From the line containing "Мащабна акция на" to the last line of the data, both included, transcribe each line exactly, leaving out pictures and adding nothing.

* _Supplied information_:

◆ ◆ ◆ ◆ ◆ ◆ ◆

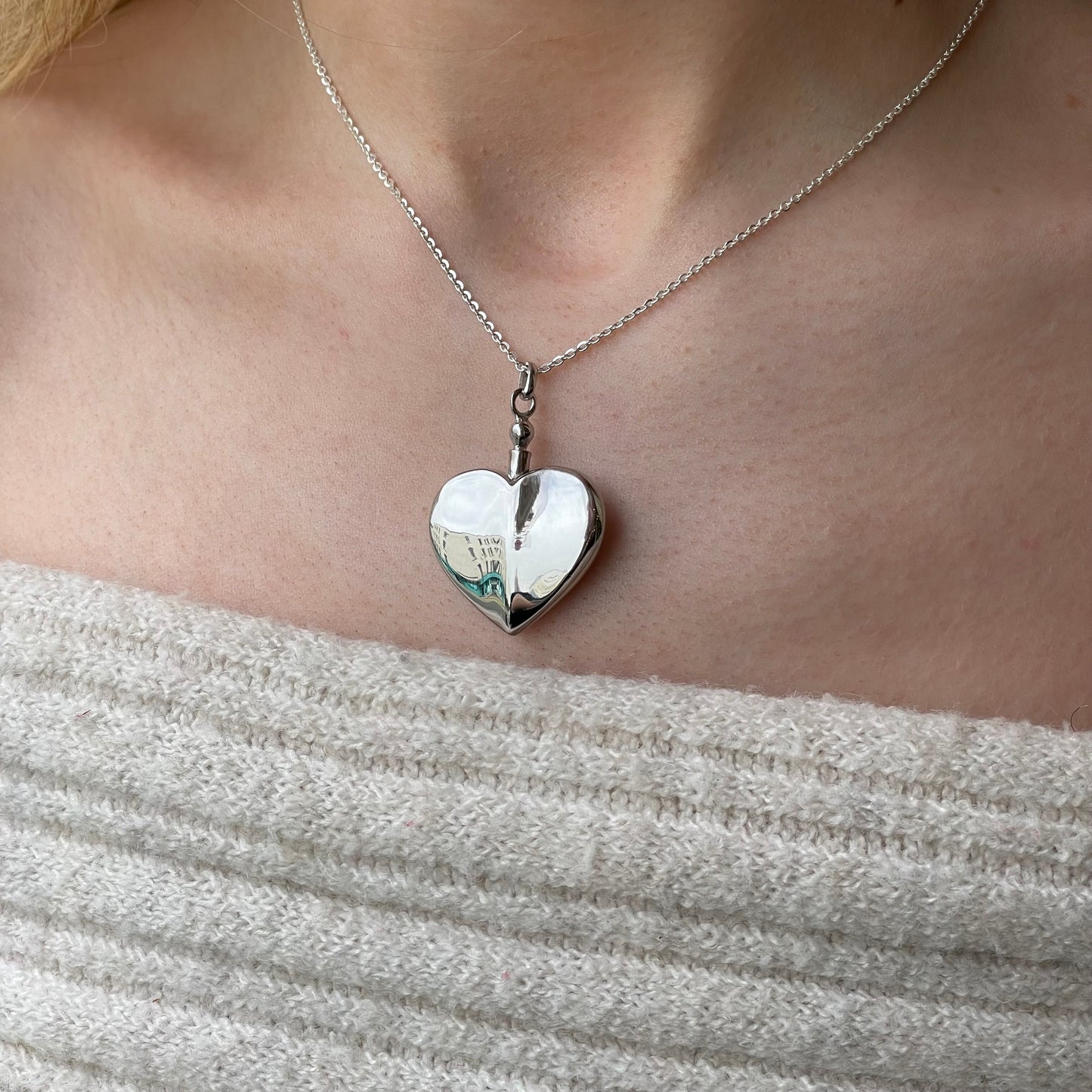 Silver Sculpted Heart Ash Locket Necklace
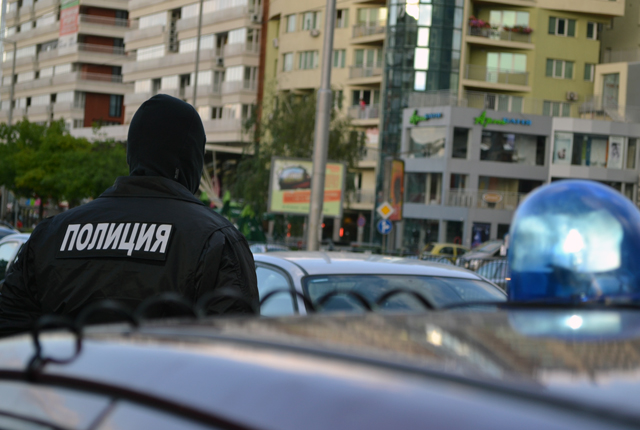 Мащабна акция на ГДБОП и Специализираната прокуратура се провежда в Казанлък и околностите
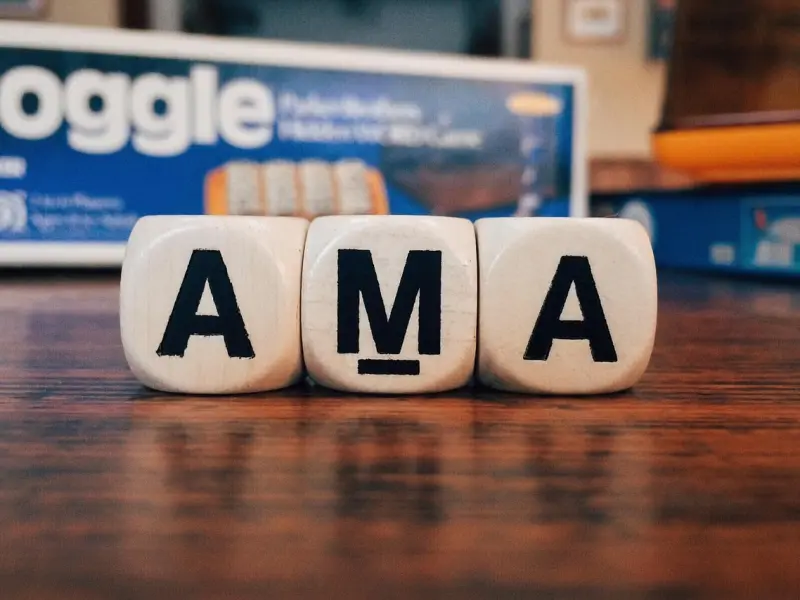 我发了一条短信，前男友主动加我微信！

◆ ◆ ◆ ◆ ◆ ◆ ◆

* _Result below_:
 Мащабна акция на ГДБОП и Специализираната прокуратура се провежда в Казанлък и околностите
 我发了一条短信，前男友主动加我微信！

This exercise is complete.